One aspect of Kilroy worth questioning is its choice of Go. The compiler is itself an external feedback loop and stricter type systems yield richer ones. In my experience, languages with stronger type systems produce better results from LLM-generated code because there are more invariants the compiler will reject before the code ever runs. Rust’s borrow checker, lifetime errors, and exhaustive pattern matching are all ground-truth checks the agent can’t hallucinate past. Go’s compiler catches less. This makes language choice a feedback loop design decision and it’s one reason I’d question building factory produced software in Go when stricter alternatives exist. That said, a stricter compiler is only valuable if the agent can’t routinely escape hatch its way to a clean build. LLMs are known to fight Rust’s borrow checker by cloning liberally or wrapping everything in Arc<Mutex<>> which compiles but defeats the purpose. The fix luckily is pretty easy. We can just layer in additional static analysis (e.g., clippy lints configured as errors) that catch the shortcuts, so the feedback loop stays honest.

Another area I noted was a bit sparse was the lack of examples of external feedback loops. Kilroy relies heavily on internal feedback loops since it’s built on an iterative pipeline model, but my assertion is that including a number of external, deterministic feedback mechanisms will vastly improve software creation. It looks like there may be a way to hook them in - but they don’t seem like a first class citizen. For example, I’d love to see run an immutable test suite and gate the next stage on structured results show up as a canonical node type in the pipeline language, not just something you wire in ad hoc.

When looking over StrongDM’s documentation and why they are building the software they’re building - I discovered it was largely to use digital twins of well known software in testing use cases. The key insight on their side was that if they took all publicly available SDK documentation, they could build pretty good, functional systems that they could then test against without any security, throttling, or quota concerns. They also built simplified UIs atop them.

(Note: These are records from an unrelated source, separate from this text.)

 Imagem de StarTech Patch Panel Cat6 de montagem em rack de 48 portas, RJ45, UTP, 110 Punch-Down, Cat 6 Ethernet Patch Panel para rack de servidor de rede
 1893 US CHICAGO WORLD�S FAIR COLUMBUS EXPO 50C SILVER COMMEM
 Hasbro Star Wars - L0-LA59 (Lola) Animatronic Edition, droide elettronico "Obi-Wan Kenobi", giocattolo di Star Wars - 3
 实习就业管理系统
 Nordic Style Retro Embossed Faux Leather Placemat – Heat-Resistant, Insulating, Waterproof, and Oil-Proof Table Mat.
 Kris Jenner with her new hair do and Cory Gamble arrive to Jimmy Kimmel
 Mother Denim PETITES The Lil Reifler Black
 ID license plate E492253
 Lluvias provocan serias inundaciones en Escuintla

Simon Willison’s coverage of StrongDM’s Software Factory is the most detailed public writeup of the approach and goes into more detail about the Digital Twin Universe (DTU). What I think is worth saying explicitly is the underlying pattern: the DTU is an external, deterministic feedback loop. The agents generate integration code, run it against behavioral clones of Okta, Jira, and Slack, check if the results satisfy the scenarios, and iterate - sometimes thousands of times per hour - without rate limits or quotas getting in the way. The obvious footgun is fidelity: any twin will have edge cases it doesn’t model, so at some cadence you still need reality checks against the real services. It’s the same pattern as connecting Chrome via Chrome DevTools Protocol to validate a canvas transformation, or running an immutable test suite that the agent can’t game its way through by editing them and returning true. The mechanism that makes all of these work isn’t the orchestrator, the model, or the spec. It’s the ground-truth check against reality that the LLM can’t hallucinate its way past.

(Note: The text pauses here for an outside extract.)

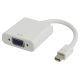 Monitor átalakító, mini Displayport dugó -> VGA aljzat 0.2m
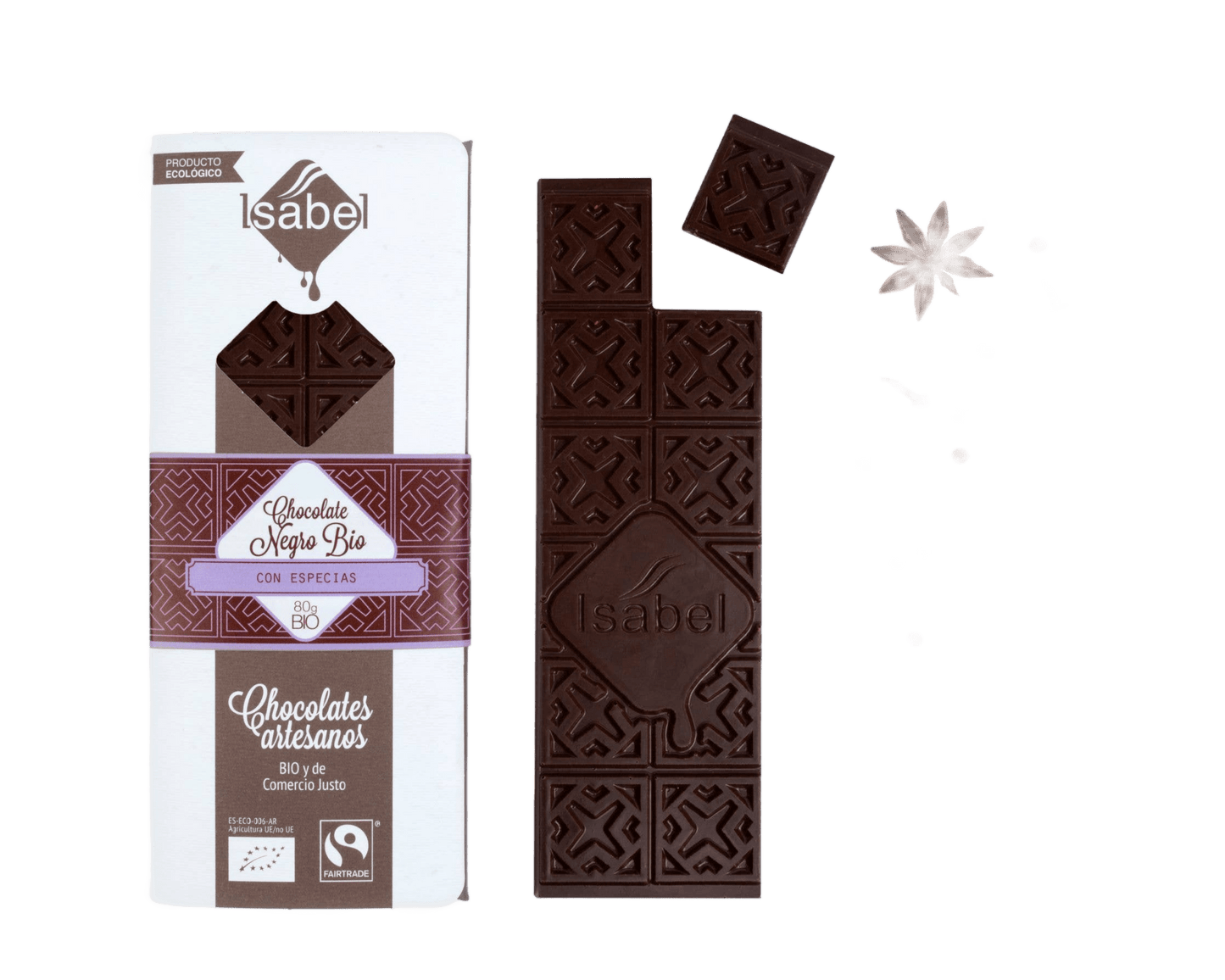 Box of Dark Chocolate Tablets with Spices - Só Verde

Make feedback loops first-class

If the agent can’t be forced to confront ground truth, you didn’t build a software factory, you built a demo generator.

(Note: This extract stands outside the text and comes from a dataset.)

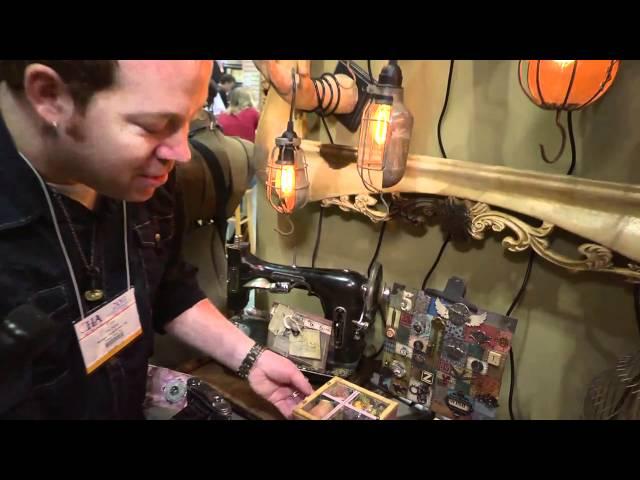 CHA 2011 - Tim Holtz Shows Amazing Laura Denison Projects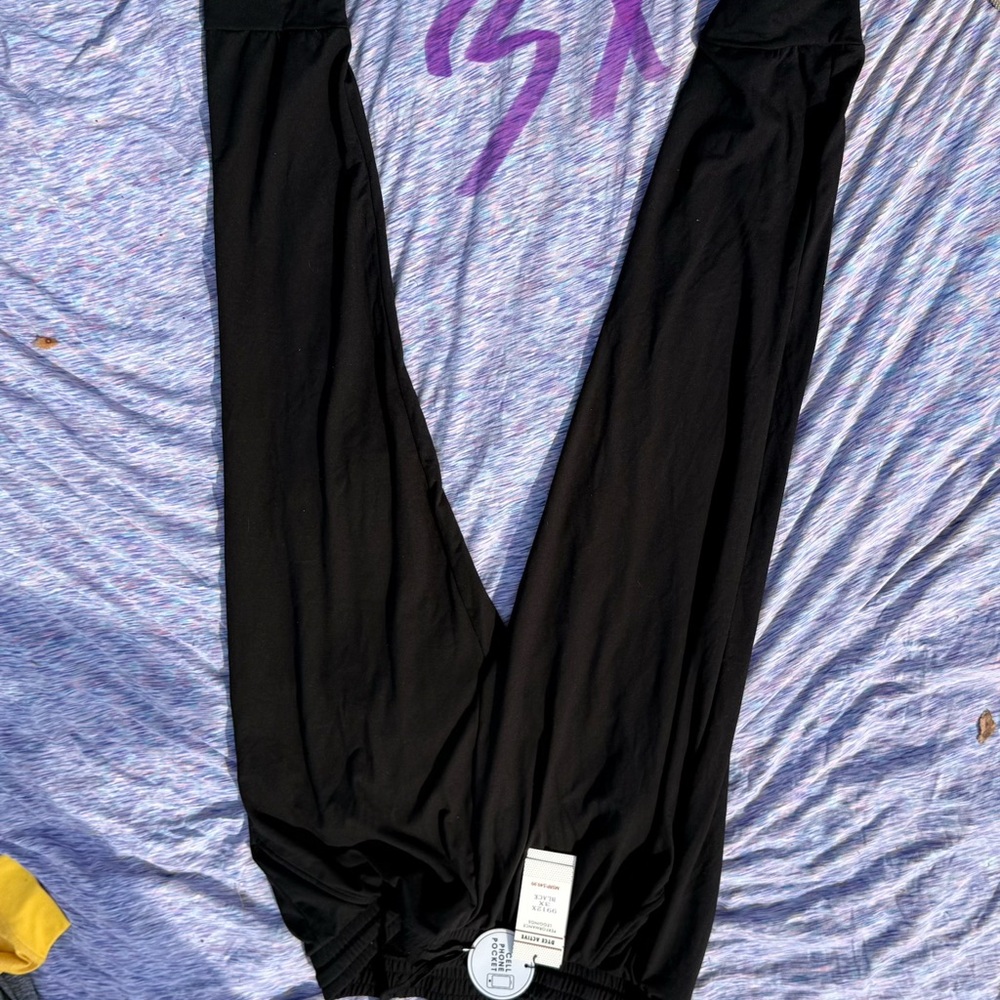 Black Wide Leg Lounge Pants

We need to borrow more ideas from electrical engineering and control theory and apply more rigor. Until that feedback loop is a first-class citizen in how we build software with LLMs, we’re going to keep celebrating demo quality software that quietly drops databases.

Some “first-class” requirements I increasingly view as non-negotiable:

  • Immutable, write-protected test and scenario suites (including holdout sets the agent can’t train on by iteration).
  • Structured evaluation outputs pass/fail + diffs + traces.
  • Instrumented end-to-end harnesses where needed (e.g., CDP for UI/canvas/layout).
  • High-throughput simulators / DTUs for integrations (plus periodic checks against reality).
    And once the code passes those loops, it still has to survive contact with production:
  • Production safety rails: backups, point-in-time restore, migrations with roll-forward/rollback paths, and invariant monitoring.